Sementara itu, ketika dilakukan pemugaran pada tahun 1984/1985, berhasil


disingkap sisi tenggara bangunan candi Tikus. Kaki bangunan yang terdapat di
sisi tersebut, menunjukan perbedaan ukuran bata merah yang dipergunakan
sebagai bahan bakunya. Hal ini semakin memperkuat dugaan mengenai dua
tahap pembangunan candi tersebut. Kaki bangunan tahap pertama yang
tersusun dari bata merah yang berukuran besar, tampak ditutup oleh kaki
bangunan tahap kedua yang tersusun dari bata merah yang berukuran lebih
kecil. Kapan secara pasti pembangunan tahap pertama dan kedua ini
dilakukan, belum jelas benar.

Menurut catatan hasil penelitian yang telah dilakukan H. Maclaine Pont pada
tahun 1926, setidaknya terdapat 18 buah waduk besar yang diduga kuat
dibangun pada masa Majapahit (letaknya kini tersebar diseluruh kabupaten
Mojokerto, Jawa Timur). Dari 18 buah waduk besar itu 4 buah diantaranya
terletak di daerah Trowulan. Yaitu di Desa Baureno, Kumitir, Domas dan
Temon. Waduk-waduk besar ini berfungsi sebagai tempat penampungan air
pertama untuk selanjutnya dialirkan ke tempat-tempat lain.

Dari ke-empat waduk besar yang terletak di daerah Trowulan, waduk Baureno
diduga merupakan sumber dari air yang masuk ke candi Tikus. Untuk
selanjutnya air dari candi Tikus ini didistribusikan ka arah kota. Dari hasil
penelitian yang telah dilakukan oleh alm. Didiek Samsu W.T. selama tahun
1986/1987, diketahui bahwa debit air rata-rata dari pancuran-pancuran air di
candi Tikus adalah 17.604.915 cm/detik. "Berdasarkan perhitungan ini, dapat
diperkirakan bahwa candi Tikus pada masa itu memiliki peranan yang cukup
penting dalam sistem jaringan air di daerah Trowulan," tulis arkeolog ini dalam
skripsinya.

Lebih lanjut, alm. Didiek menyatakan bahwa air candi Tikus juga bisa dijadikan
patokan musim kemarau dan musim penghujan. Pada musim kemarau, debit
air rata-rata setiap pancuran pancuran lebih kurang 400 cm/detik. Sedangkan
jika lantai dasar candi Tikus mulai tergenang dan pancuran air memancarkan
air lebih jauh, dapat diartikan bahwa musim hujan telah menjelang. Ini berarti
pula bahwa pada musim hujan debit air di candi Tikus akan naik, sehingga bisa
jadi patokan untuk membuka atau menutup pintu air di waduk atau
bendungan.

Memiliki Kekuatan Magis

Tanpa usaha yang telah dilakukan oleh H. Maclaine Pont, barangkali nama
Trowulan tidak akan mencuat ke permukaan dalam panggung sejarah
Indonesia. Dialah yang pertama kali menyatakan bahwa Trowulan merupakan
bekas Ibukota kerajaan Majapahit.

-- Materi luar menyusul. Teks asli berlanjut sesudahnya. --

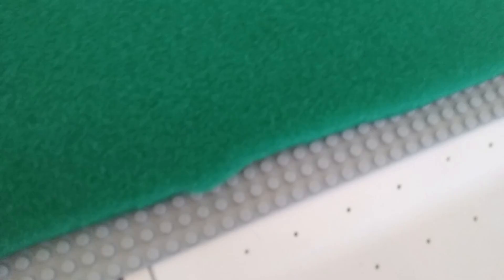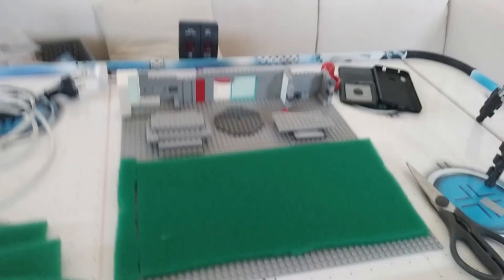With the soccer field, I used this green mat and cut it up to fit it like a soccer pitch.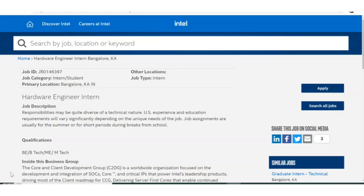Hello, welcome to TC Electronics. In this video we are going to see recruitment news from Intel. The recruitment is actually happening for the post of intern — a lot of people ask me regarding internship recruitments, so here it is.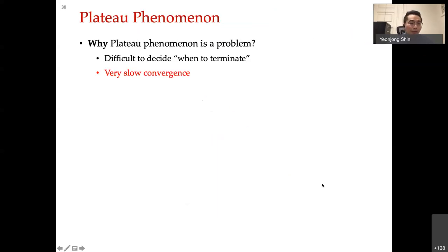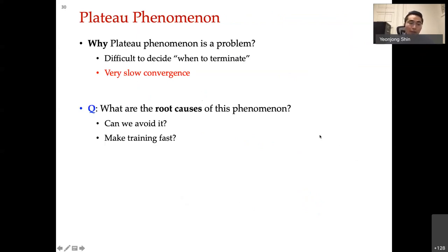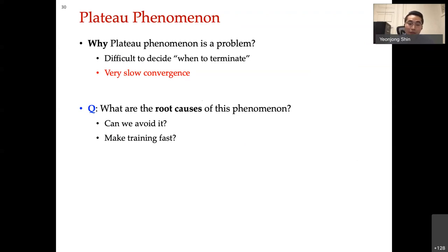Why is the plateau phenomenon a problem? It makes it difficult to decide when to terminate the procedure and makes training very slow. Therefore, our goal is to understand the root causes of this phenomenon, and once identified, can we avoid it and develop a fast training method? To address this question, we need to understand the basic dynamics of gradient descent training: will it converge, and if so, will it find a good solution?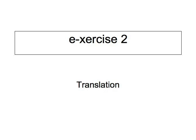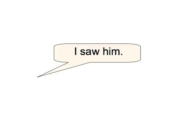So, if I say, I saw him, you'd say, Ich sah ihn. Let's start. I saw him. Ich sah ihn.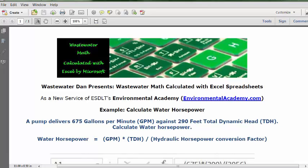Today's problem reads: a pump delivers 675 gallons per minute (GPM) against 290 feet total dynamic head (TDH). Calculate water horsepower.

Dengan bersumber pada kitap
Nagarakertagama, Maclaine Pont berhasil merekonstruksi (bina ulang) ibukota
kerajaan Majapahit. Dari peta kota hasil rekonstruksi Maclaine Pont pada
tahun 1926 tersebut, tampak bahwa candi Tikus terletak di luar kota
Majapahit.

Sejak zaman Prasejarah, air memang memiliki peranan penting dalam


kehidupan spiritual manusia. Air dipercaya memiliki daya magis utnuk
membersihkan, mensucikan dan menyuburkan. Tak heran, bila kemudian air
yang keluar dari candi Tikus juga dipercaya memiliki kekuatan magis untuk
memenuhi harapan rakyat agar hasil pertanian mereka berlipat ganda dan
terhindar dari kesulitan-kesulitan yang merugikan.